Ma soutenance en Italie portait sur
"Comment des pays comme le Canada et les Etats-Unis sont devenus riches grâce à l'agriculture, mais pas le cas d'aucun pays africain, pas le cas du Cameroun. Pourquoi ?"
En 1988, pour trouver une place de stage dans mon pays le Cameroun, à l'ONCPB de Douala, l'institut qui gérait les ressources des agriculteurs camerounais, j'avais été obligé de me faire passer pour un blanc, en modifiant mon nom en Poulaga, pour le faire sonner bien français et non Pougala. C'est ainsi que je serai admis comme un blanc, à faire mon stage académique dans cet organisme que je quitterais en catastrophe par la case commissariat, accusé par les autorités camerounaise d'être un espion à la solde de l'Italie.
Mais j'avais suffisamment recueilli les informations sur le dysfonctionnement du modèle économique camerounais pour compléter ma soutenance, surtout après mon passage à l'Union des coopératives Agricoles de l'Ouest (UCCAO) à Bafoussam.

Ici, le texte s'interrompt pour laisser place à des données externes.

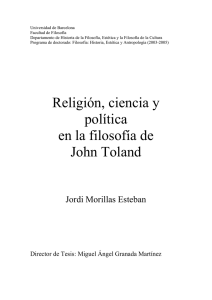 Religión, ciencia y política en la filosofía de John Toland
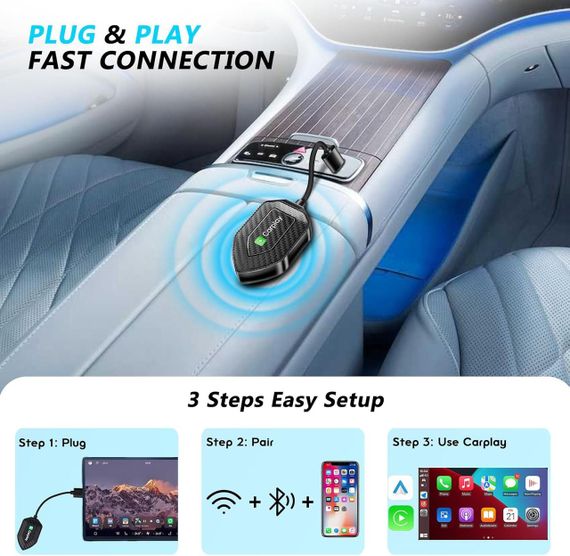 CarPlay бездротовий адаптер Android Auto, Карплей для перетворення дротого на бездротовий для авто з 2017 року | Зображення 6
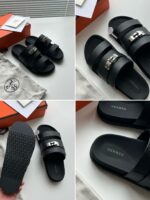 Sandali neri eleganti con cinturino doppio, suola antiscivolo e logo di alta moda.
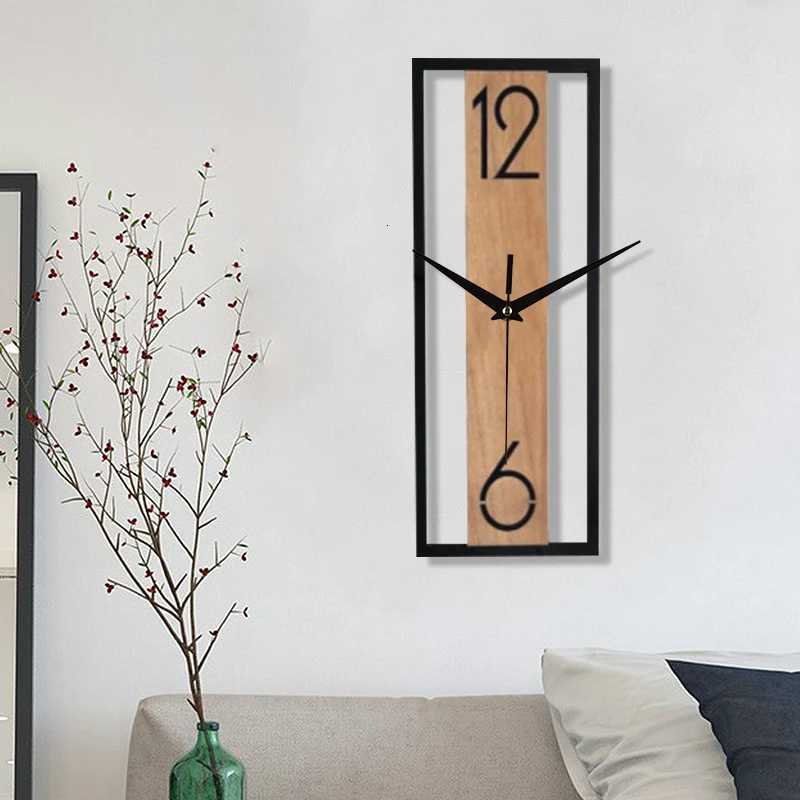 Rectangular wood grain wall clock for quiet decoration in homes and offices used in living rooms bedrooms and dining rooms C251015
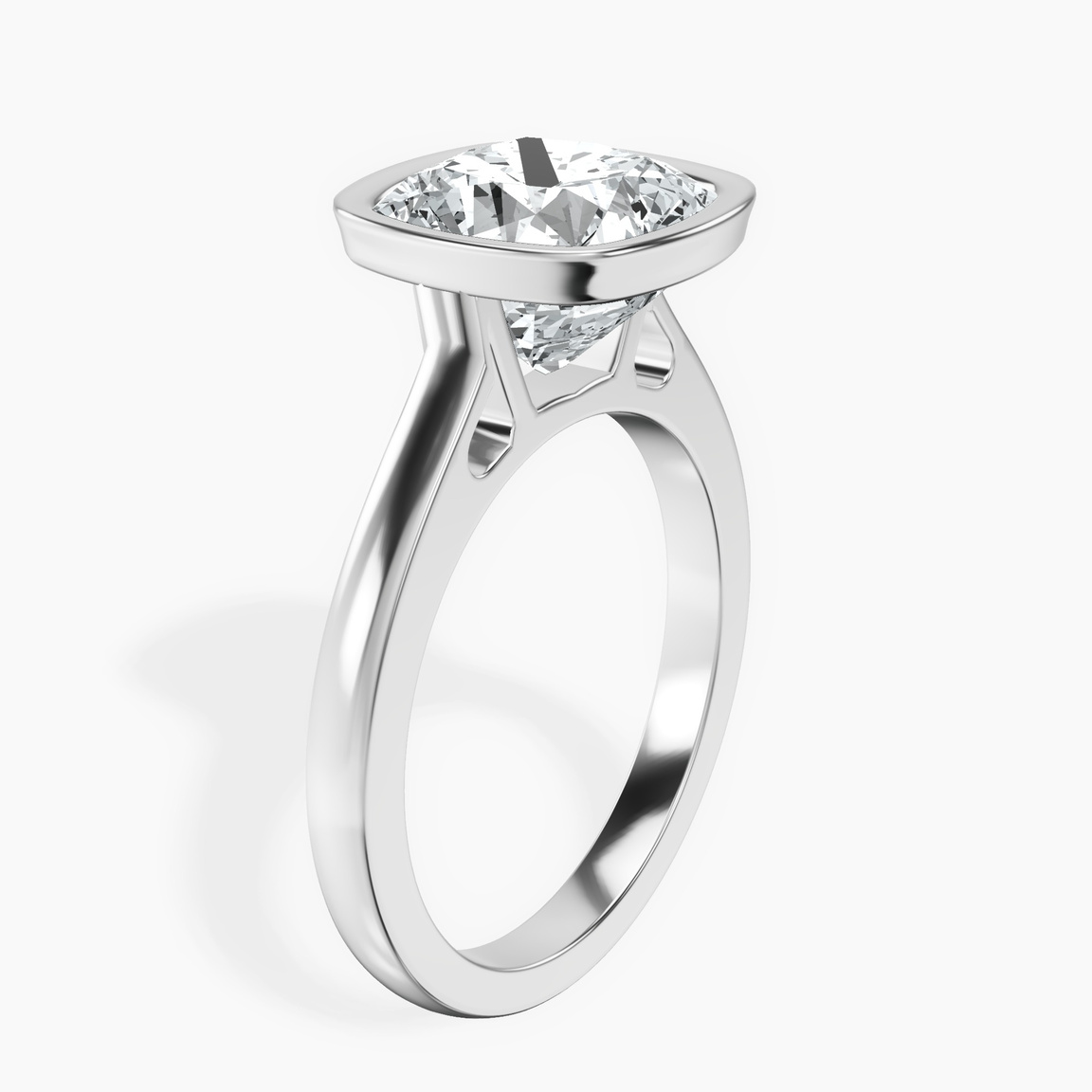 Platinum Bezel Set Solitaire Lab Diamond Ring standing product image one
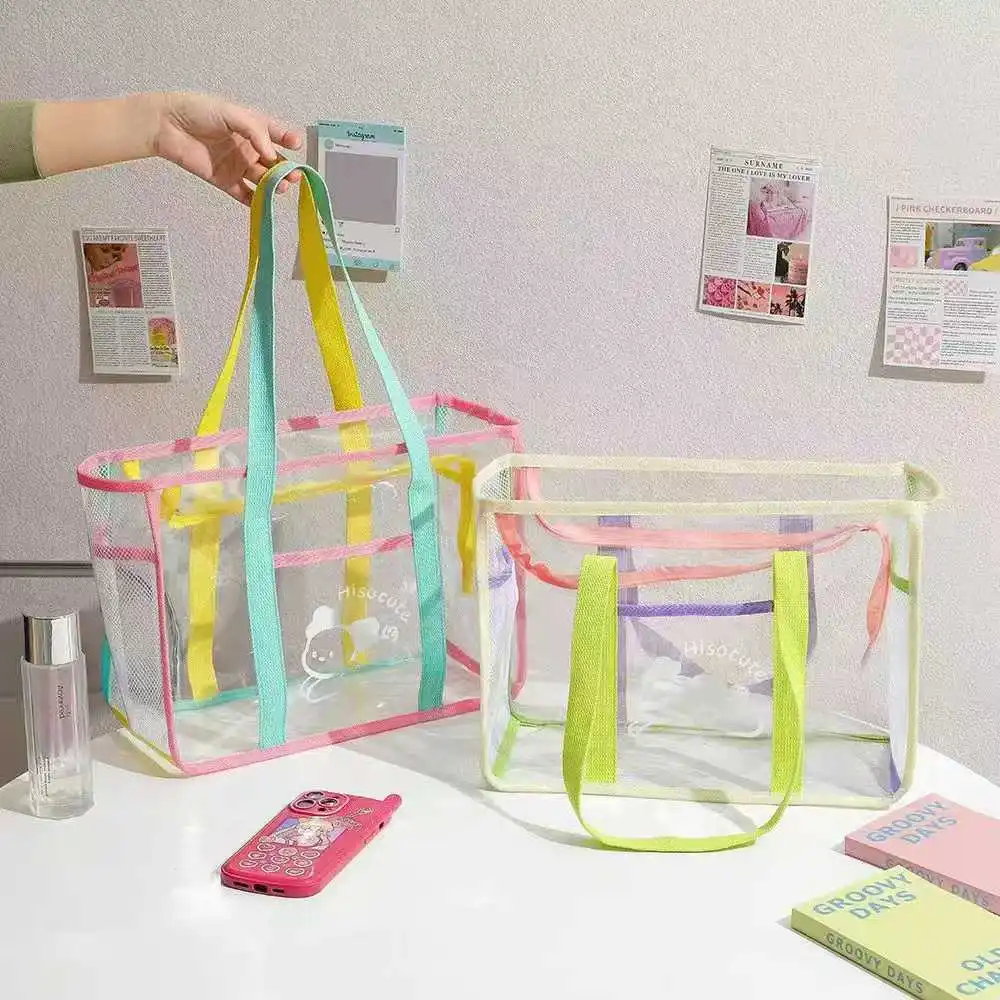 Lightweight Reusable PVC Mesh Side Transparent Makeup Wash Tote Bag Clear Travel Packaging for Beach Picnic Park factory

Ici au Canada, mon séjour m'a convaincu que les autorités camerounaises, même dans 100 ans, continueraient à entretenir la pauvreté de la population, comme le voulait le système dominant contrôlé au Cameroun par la France.
En Italie, j'avais passé des examens en faculté d'économie, sur la dispute entre les économistes britanniques Ricardo et le démographe Thomas Malthius à la fin du 18ème siècle et dont les conclusion ont permis d'utiliser l'agriculture pour mettre fin à la famine au Royaume Uni et sortir le pays de la pauvreté, théories ensuite reproduites ici en Amérique du Nord, notamment aux Etats-Unis et au Canada.
Malthius partait d'une constatation que naturellement, la population d'un pays double tous les 25 ans. La seule manière d'empêcher que cette nouvelle population sombre dans la misère, c'est la culture des céréales. Il en conclut que "il vaut mieux les céréales que le pâturage".
En d'autres mots, dans une population pauvre, il vaut mieux la sortir de la pauvreté avec la culture des céréales, plutôt que l'élevage, car le cycle de trois mois vers la récolte est suffisamment court pour renouveler le capital investi. ce qui n'est pas le cas de l'élevage, plus complexe.
On en ressortira avec la Corn Law en 1773 et 1815 pour encadrer le commerce des céréales avec l'étranger. En 1815, il prend le nom de Corn Law Act de 1815, et vise à "interdire toute importation de céréales lorsque les prix sur le marché, descendent en dessous d'un certain montant.
Les Etats-Unis et le Canada avaient suivi les théories économiques résultants de la Corn Law et les résultats étaient spectaculaires. Ce sont les céréales qui permettent au Canada et aux Etats-Unis d'avoir une balance commerciale excédentaire depuis au moins 100 ans.
C'est principalement ce qui a motivé mon voyage vers le Canada, en novembre 1990, après avoir compris les manquements des dirigeants camerounais deux ans plus tôt.
A la Coopérative agricole de Saint Isidore de la Prescott, sur la photo, prise en janvier 1991, je me connectais tous les matins à la bourse des matières premières de Chicago, à travers un ordinateur et l'ancêtre d'internet, qu'on appelait à l'époque BBS (Computer Bulletin Board System.
C'était un système de messagerie qui permettait à travers un ordinateur connecté sur un modem d’appeler une machine spécifique pour consulter les messages que d’autres utilisateurs y avaient laissés.
Nous étions connectés à travers un serveur de l'Union des Coopératives de l'Ontario (UCO).
Je tenais à en comprendre les mécanismes de fonctionnement pour garantir la rentabilité de la culture des céréales sur le long terme.
Il s'agissait pour moi, comme économiste agricole, dans la coopérative, de conseiller les adhérents jour après jour sur les céréales à mettre en sol et obtenir le meilleur rendement à la récolte, en anticipant, les prix sur le marché boursier de Chicago à la récolte.
Pourquoi Chicago ?
Fondée en 1848, le Chicago Board of Trade (CBOT) est la plus ancienne bourse de commerce au monde, elle est située dans le centre ville de Chicago dans le nord des Etats-Unis. Sa caractéristique était que c'était un marché à terme, qui permettait de vendre à un prix donné avant de se mettre à produire des céréales.
Une fois obtenu les prix du jour, je me mettait au guidon de la moto-neige, même sous -40°c pour aller entretenir directement les cultivateurs. Il m'arrivait d'être accompagné par le fils de mon bailleur canadien qui aimait la vitesse avec la motoneige, et surtout l'accueil des agriculteurs, qui nous attendaient toujours avec de bonnes choses à manger, en écoutant la bonne nouvelle que je devais leur apporter, ou la mise en garde par rapport à des céréales à éviter pour la prochaine campagne.